Soit ça ne passe pas et il part en se posant en 'réformiste 
qu'on empêche d'aller jusqu'au bout'", dit-il.  
    A Matignon, on temporise face à une tribune "qui ne propose 
rien" dont "le mérite est de clarifier les camps, avec d'un côté 
une gauche aux responsabilités et de l'autre la tradition d'une 
gauche incantatoire, de l'indignation". 
    L'hypothèse d'un départ du Premier ministre était exclue 
lors du remaniement opéré il y a seulement 14 jours, qui a vu le 
retour au gouvernement de l'ancien Premier ministre Jean-Marc 
Ayrault et l'entrée du président du Parti radical de gauche, 
Jean-Michel Baylet, et de trois écologistes. 
    Ce rapiéçage n'a servi à rien face à la tempête déclenchée 
depuis par le texte sur la réforme du Code du travail, fustigé à 
gauche comme un cadeau au patronat et un détricotage des acquis 
sociaux avant même son examen par le Conseil d'Etat.    
    "Il est clair que c'est mal parti en terme de communication. 
Beaucoup de choses qui sont dites sont fausses et discutables", 
dit un ministre, semblant reprocher à Matignon d'avoir d'emblée 
envisagé l'utilisation de l'article 49-3 sur un texte 'qui 
n'existe pas encore".  
    Pour les frondeurs comme pour une partie des syndicats, la 
loi sur le Travail est une source potentielle de casus belli. 

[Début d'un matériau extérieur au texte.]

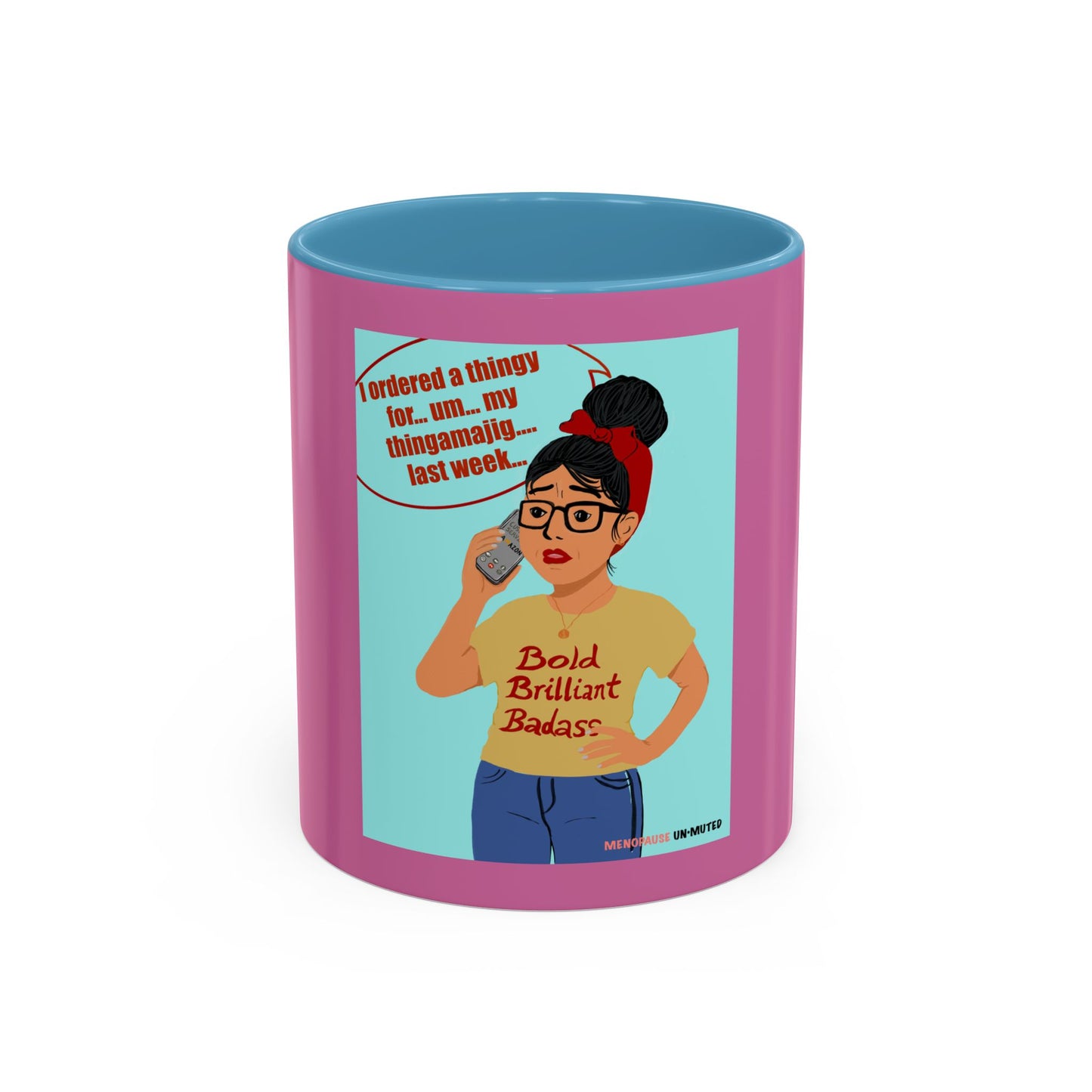 Funny Menopause Mug – Brain Fog Survival Mug for Women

Une pétition en ligne opposée au projet avait recueilli jeudi 
quelque 528.000 signatures.   
    "Si le texte arrive au Parlement il est évident qu'il faut 
que le débat ait lieu", a dit Christian Paul, un proche de 
Marine Aubry, jeudi sur France Info. Si le 49-3 est utilisé, "la 
question de la motion de censure se posera", a-t-il estimé.  
    Cette bourrasque politique survient alors que François 
Hollande est en tournée en Polynésie et en Amérique du Sud 
depuis une semaine. Le chef de l'Etat, qui répétait avant de 
partir qu'il réformerait "jusqu'au bout" de son quinquennat, est 
resté pour l'instant silencieux sur cet épisode.